Helmut Jahn was famous in Chicago and around the world for his prolific postmodern architecture particularly his work in steel and glass.
Born in Germany near Nuremberg, in 1940, Jahn graduated from Technische Hochschule in Munich and moved to Chicago in 1966. Jahn arrived in Chicago just as “downtown development” during the administration of Mayor Richard J. Daley (1902-1976) was finding its greatest momentum. Jahn began to study under Ludwig Mies van der Rohe (1886-1969) at the Illinois Institute of Technology (IIT) and, in 1967, joined Charles (C.F.) Murphy Associates which later became Murphy/Jahn. The younger man would carry on the powerful influence and energy of these Chicago personalities for building big, creatively, and prolifically for the next fifty years into the first quarter of the 21st century. Jahn would add his own significant contribution and footprint in Chicago and around the nation and world in those same long years of his activity.

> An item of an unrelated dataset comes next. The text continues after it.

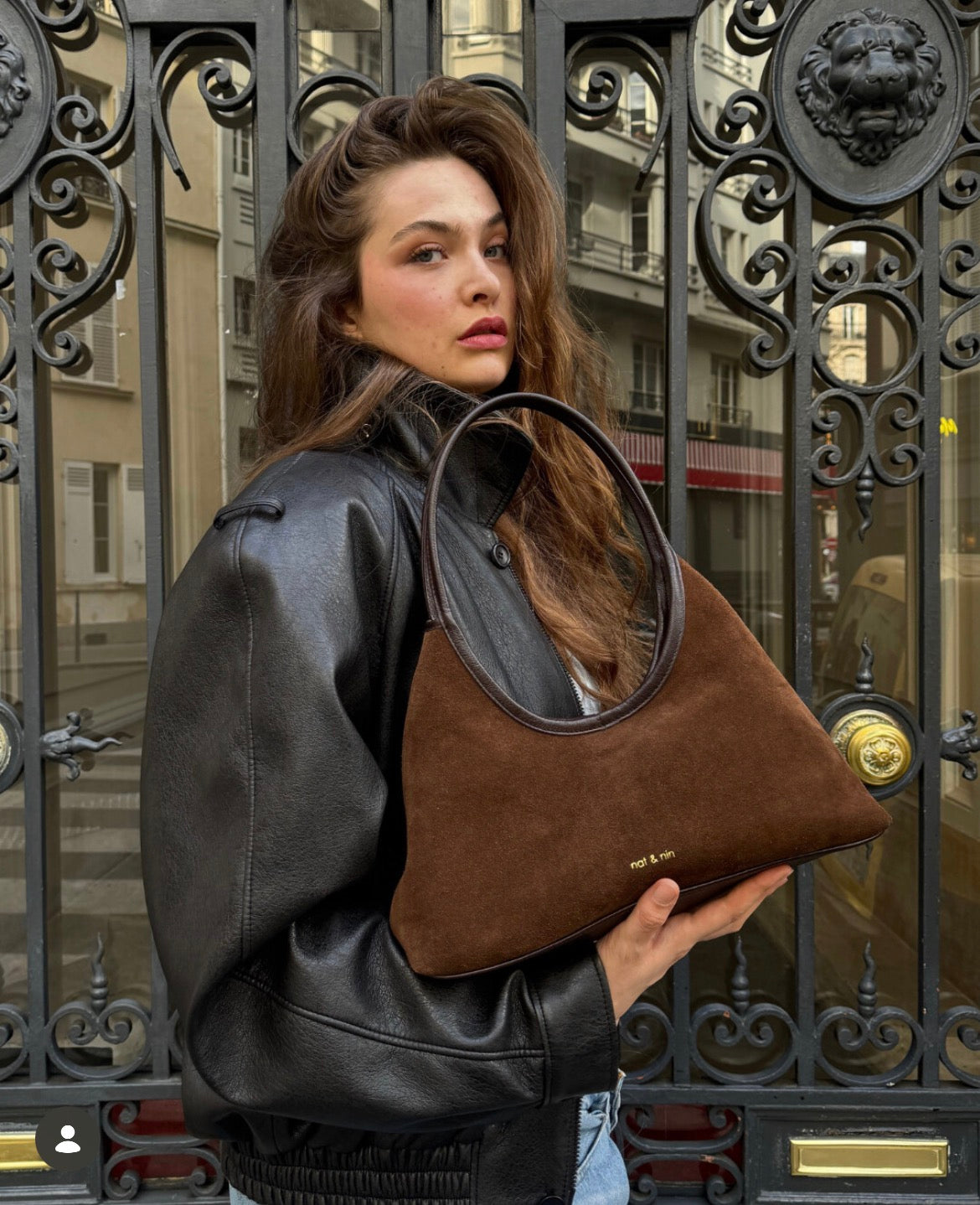 Milo Hobo Bag in Ebony by Nat & Nin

One of Jahn’s early projects in his first years in Chicago was McCormick Place. The original concrete and steel permanent exposition hall on the lakefront that opened in 1960 was destroyed in a fire in January 1967, just as Jahn was starting to work as a professional architect. Named for Col. McCormick of the Chicago Tribune, the newspaper owner and publisher had boosted the idea of a permanent exposition hall on Chicago’s lakefront for years prior to his death in 1955.

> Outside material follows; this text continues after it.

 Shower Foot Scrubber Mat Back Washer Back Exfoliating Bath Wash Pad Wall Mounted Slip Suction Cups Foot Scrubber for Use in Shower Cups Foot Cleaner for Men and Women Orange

Jahn had come to Chicago at an exciting time to be building there — during Jahn’s first years in Chicago the John Hancock Building was completed in 1969 and the Sears Tower, the tallest building in the world for the next 24 years, was completed in 1974. In 1971, C.F. Murphy completed the new and massive McCormick Place, a powerful steel and glass structure with enormous cantilever eaves, on the same lakefront site as the old exposition hall. Out of that single successful building project, Helmut Jahn and the rest of the world saw the significant development in Chicago that would blossom around this important and functional modern architecture over ensuing decades — including the North building constructed across Lake Shore Drive in 1986; the South building built in 1996; a hotel built in 1998; the massive West building built in 2007; and, in 2017, the Wintrust Arena.

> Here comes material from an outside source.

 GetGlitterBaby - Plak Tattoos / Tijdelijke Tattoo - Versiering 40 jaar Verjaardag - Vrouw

In the mid 1980’s one of Jahn’s most significant creations was the James R. Thompson Center in Chicago. Aesthetically grandiose and controversial, the “State of Illinois Building” was put up for sale in 2021 by the administration of Governor J.B. Pritzker, citing its historically high operating and maintenance costs.
There were mixed reviews for Helmut Jahn’s massive semi-circular Thompson Center at 100 W. Randolph completed in 1985. The criticism begins at its entrance where Jahn saw placed “Outsider” French artist Jean Dubuffet’s fiberglass Monument with Standing Beast. During the building’s planning and construction some of the architect’s dazzling concepts met with resistance from contractors. For example, the contractors prevailed over Jahn’s idea for a completely locked-down outer skin using silicone glazing. In the final construction the appearance of red, white, and blue locked-down skin belies the several places throughout the design where windows are made to be opened. Inside, though its soaring 17-story atrium is airy and impressive exposing floors that hold various state bureaucracy—and signaling the idea of state government’s day-to-day practice towards transparency — the practicalities of the new building’s heating and cooling design proved seriously problematic during Chicago’s summer heat and winter cold though that major issue appeared to be eventually resolved. In 2021 Jahn’s mega-structure has been put up for sale by Illinois Gov. J.B. Pritzker from Chicago citing that the building costs hundreds of millions of dollars to operate and maintain. The photograph was taken by the author on May 25, 2014.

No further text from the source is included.